A unit test library for the Arc programming language. It lets test suites be written and run simply.

Quickstart

Yeah, everyone wants examples first, so here they are:

Defining a suite

To declare a suite, give it a name, then a declare a bunch of tests. To declare a test, give it a name, then the code to run it. Use asserts (see below) when you want to throw if the two things aren't equal to each other.

(suite math
       this-will-pass (assert-same 4 (+ 2 2))
       this-will-fail (assert-same 3 (+ 2 2)))

Running a suite

arc> (run-suite math)

Running suite math
math.this-will-fail failed: (+ 2 2) should be 3 but instead was 4
math.this-will-pass passed!
In suite math, 1 of 2 tests passed.

Oh dear, 1 of 2 failed.
(1 2)

You can run multiple suites in run-suite, or call run-suites. They do the same thing.

Asserts

There are four asserts:

  • assert-t -- Arguments: (actual (o fail-message)). Throws when actual is nil. Accepts any other value, whether t, or any other data type.

  • assert-nil -- Arguments: (actual (o fail-message)). Throws when actual is not nil.

  • assert-error -- Arguments: (actual (o expected-error)). Throws when actual does not error. If expected-error is given, also asserts that the error details is the same as expected-error.

  • assert-same -- Arguments: (expected actual (o fail-message)). Throws if the actual value is not expected. fail-message is optional, and is used when you want to give more information about a failure.

Note that assert-same requires the expected value before the test-value. This is needed for pretty, pretty messages when the assert fails:

arc> (assert-same 4 (- 2 2))
Error: "(- 2 2) should be 4 but instead was 0"

Custom error messages

You can also add custom error messages to your asserts.
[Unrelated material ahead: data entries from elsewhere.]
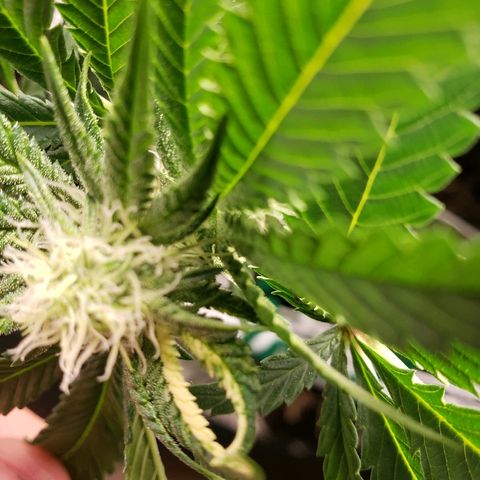 Unknown strain growlog timeline photo
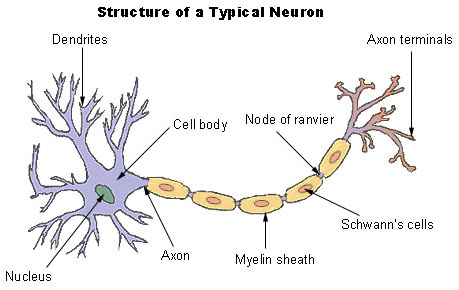 Illustration of a neuron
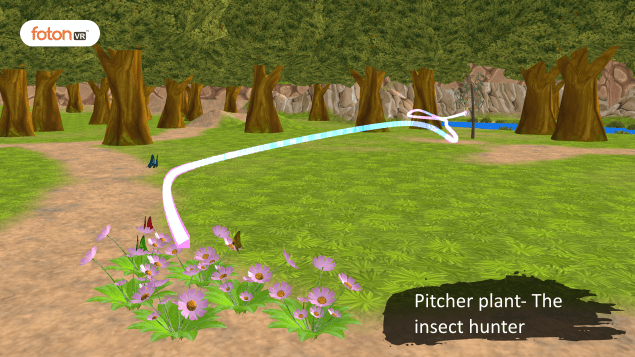 Virtual tour 2 Pitcher plant- The insect hunter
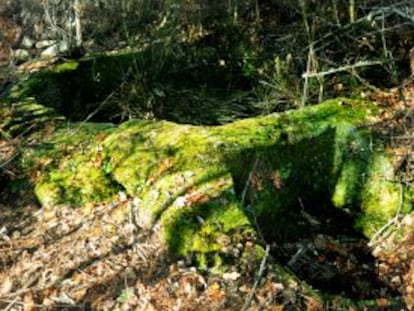 Lagar de Ponteareas, excavado a gran profundidad en la roca madre para dotarlo de paredes, imprescindibles para obtener vino tinto.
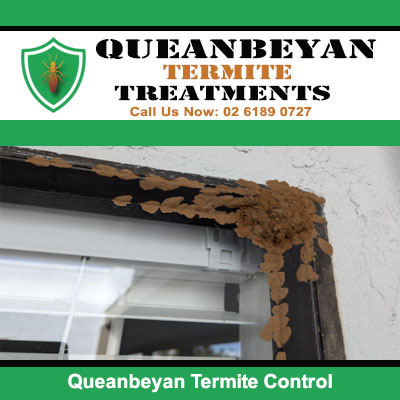 Termite mud tubes need termite control in Queanbeyan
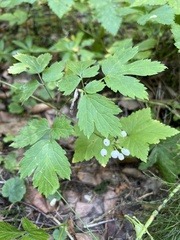Actaea rubra neglecta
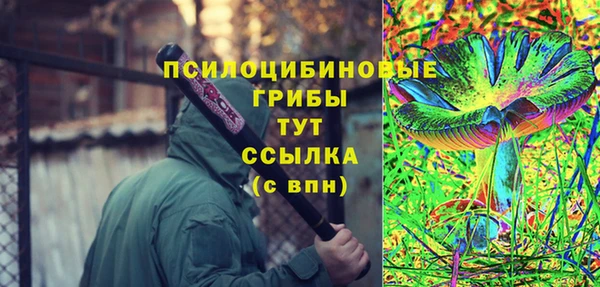 МДПВ Козловка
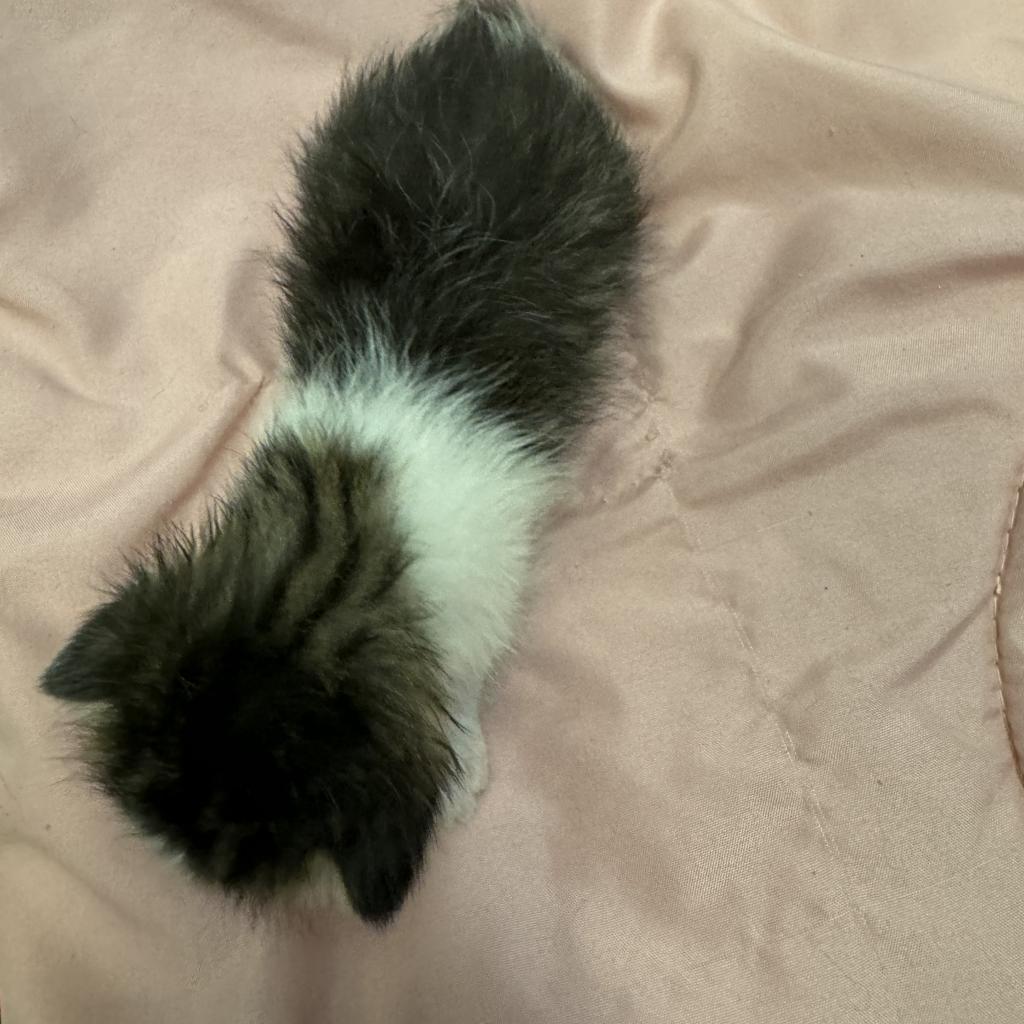 Amy, an adoptable Domestic Short Hair in Milford, IA, 51351 | Photo Image 4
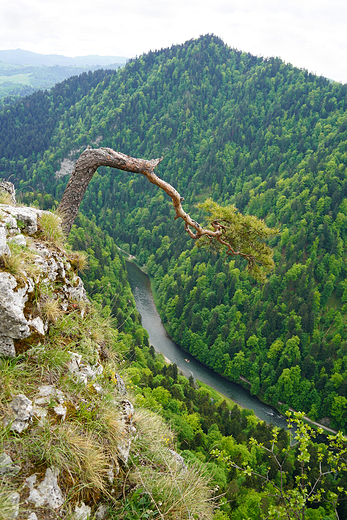 Sokolica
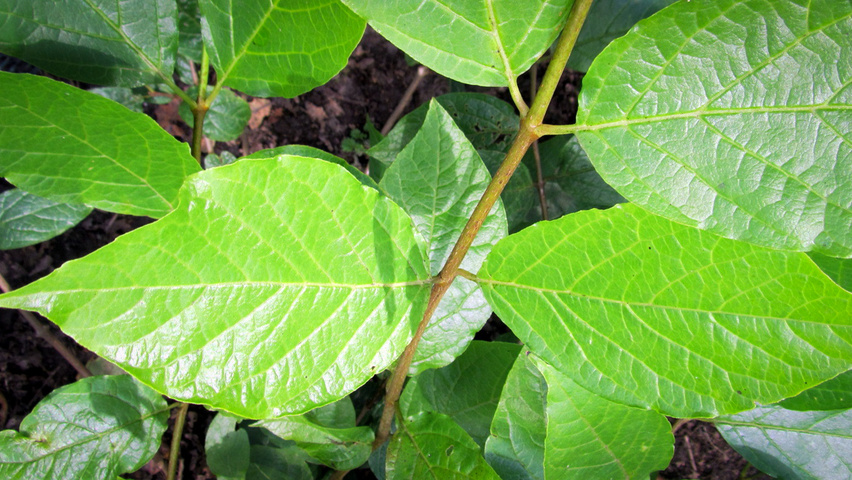 Calycanthus 'Venus' liście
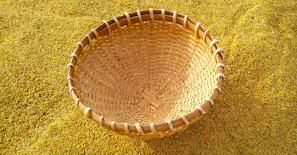 Close-up of golden Sona Masuri rice grains spilling from a traditional woven basket.
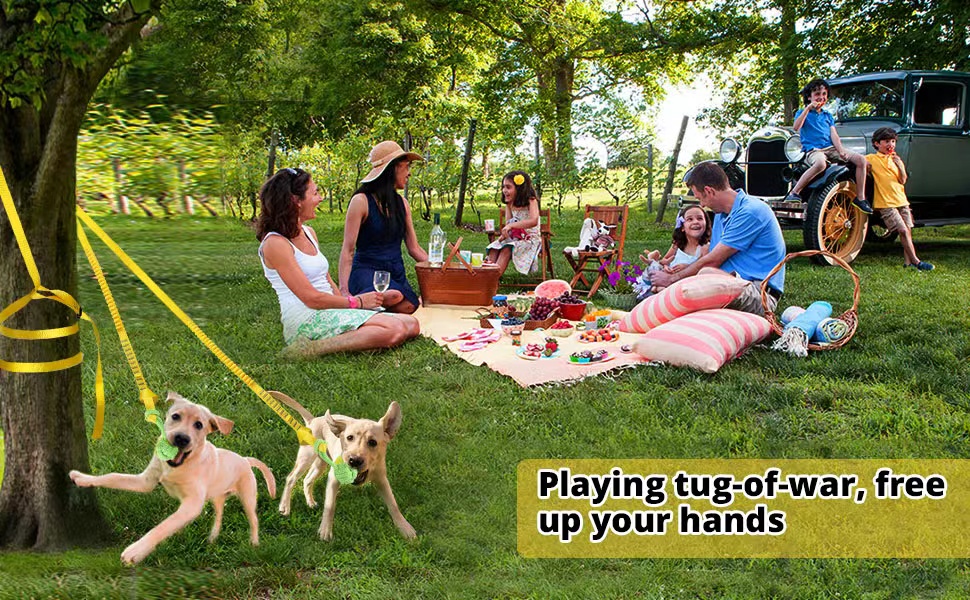 Dog Hanging Bungee Tug Toy for Two Dogs
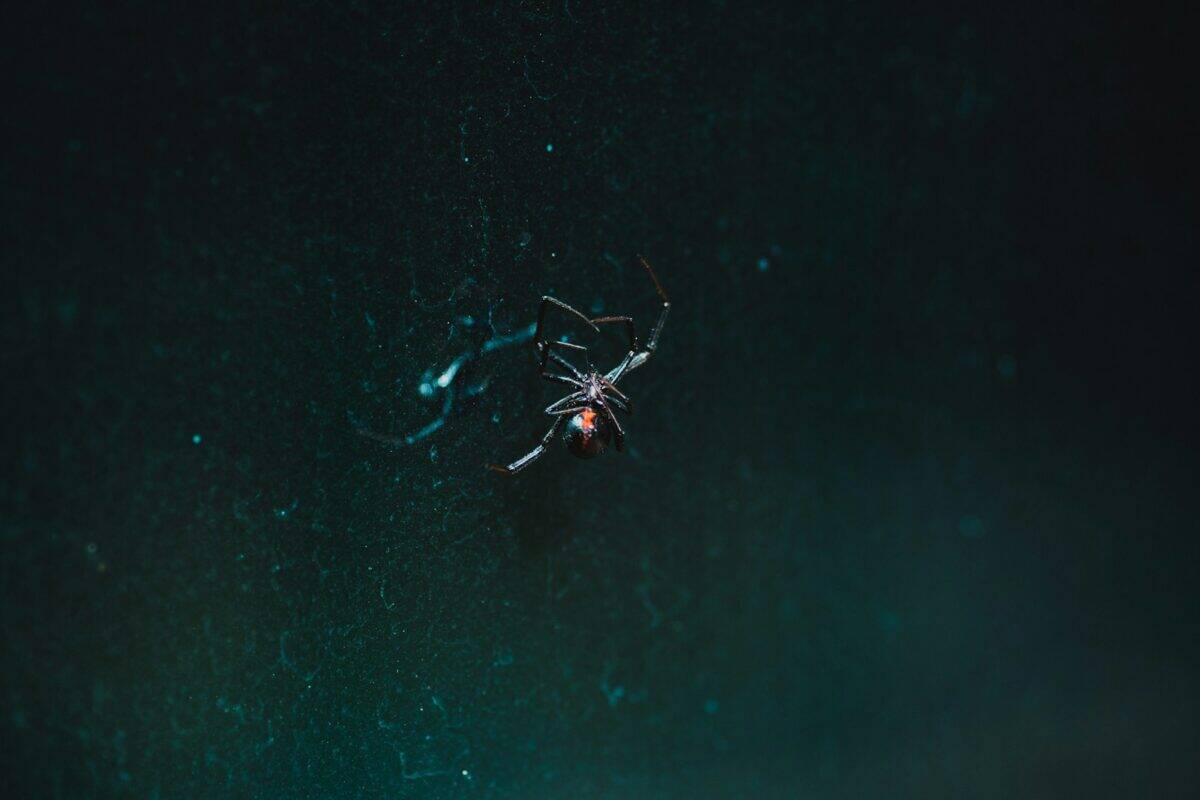 black spider on web
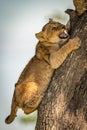 Lion cub snarls at another climbing trunk Royalty Free Stock Photo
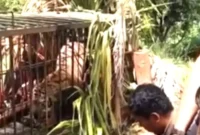Petugas Mengevakuasi Harimau Sumatera di Agam, Sumatera Barat.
They get appended to the end of the aforementioned pretty, pretty error message.

arc> (assert-same 42 27 "Those aren't equal?!")
Error: "27 should be 42 but instead was 27. Those aren't equal?!"

Nested suites

Suites can be nested, for the sake of organization, and to make them easier to run.

Defining nested suites

Put a nested suite anywhere inside its parent suite. You can intermingle tests and suites, and it'll deal with it just fine:

(suite math
       numbers-are-equal (assert-same 2 2)
       (suite adding
              good (assert-same 4 (+ 2 2))
              bad (assert-same 3 (+ 2 2)))
       this-test-will-fail (assert-same 3 4)
       (suite subtracting
              good (assert-same 0 (- 2 2))
              bad (assert-same 0 (- 2 42))))

Running nested suites

If you run a suite, it also runs all nested suites inside it.

arc> (run-suite math)

Running suite math
math.numbers-are-equal passed!
math.this-test-will-fail failed: 4 should be 3 but instead was 4
In suite math, 1 of 2 tests passed.

Running suite math.adding
math.adding.bad failed: (+ 2 2) should be 3 but instead was 4
math.adding.good passed!
In suite math.adding, 1 of 2 tests passed.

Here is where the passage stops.